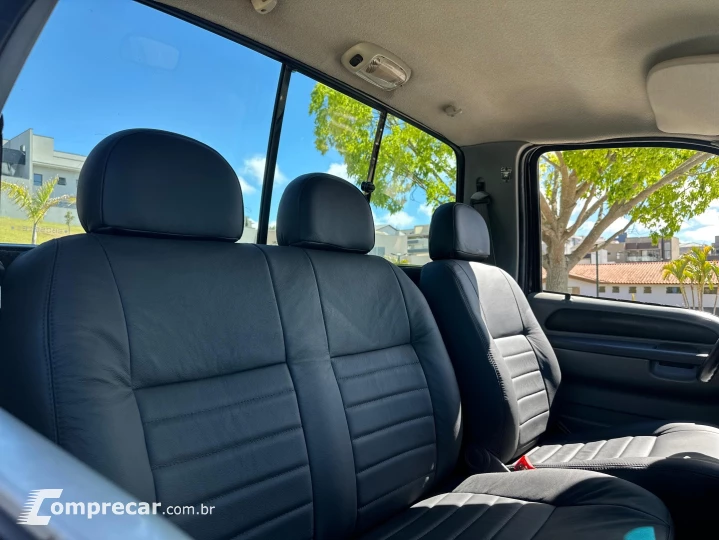 F-250 3.9 XLT 4X2 CS DIESEL 2P MANUAL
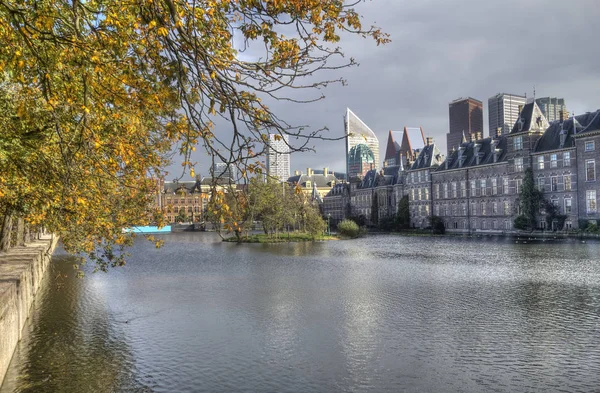 秋季在荷兰海牙举行的政府和议会大楼 — 图库照片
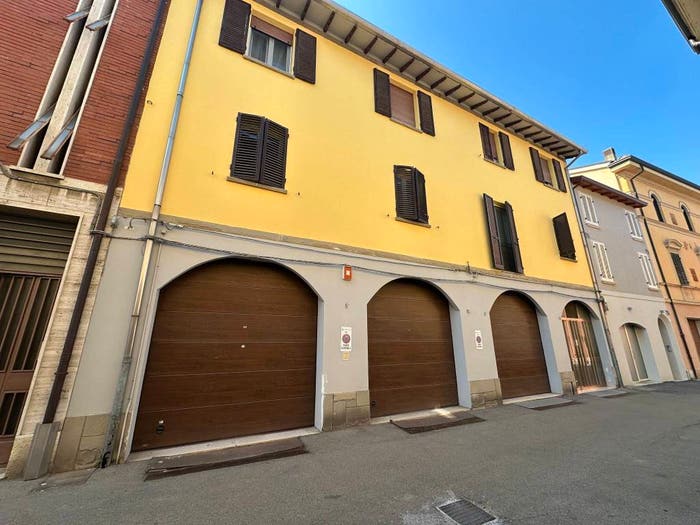 Appartamento quadrilocale in vendita in Via Luigi Sassi, Centro Storico, Imola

Exercise prompt =
In the answer, the data should reappear exactly, with no pictures.

Response to the task =
 F-250 3.9 XLT 4X2 CS DIESEL 2P MANUAL
 秋季在荷兰海牙举行的政府和议会大楼 — 图库照片
 Appartamento quadrilocale in vendita in Via Luigi Sassi, Centro Storico, Imola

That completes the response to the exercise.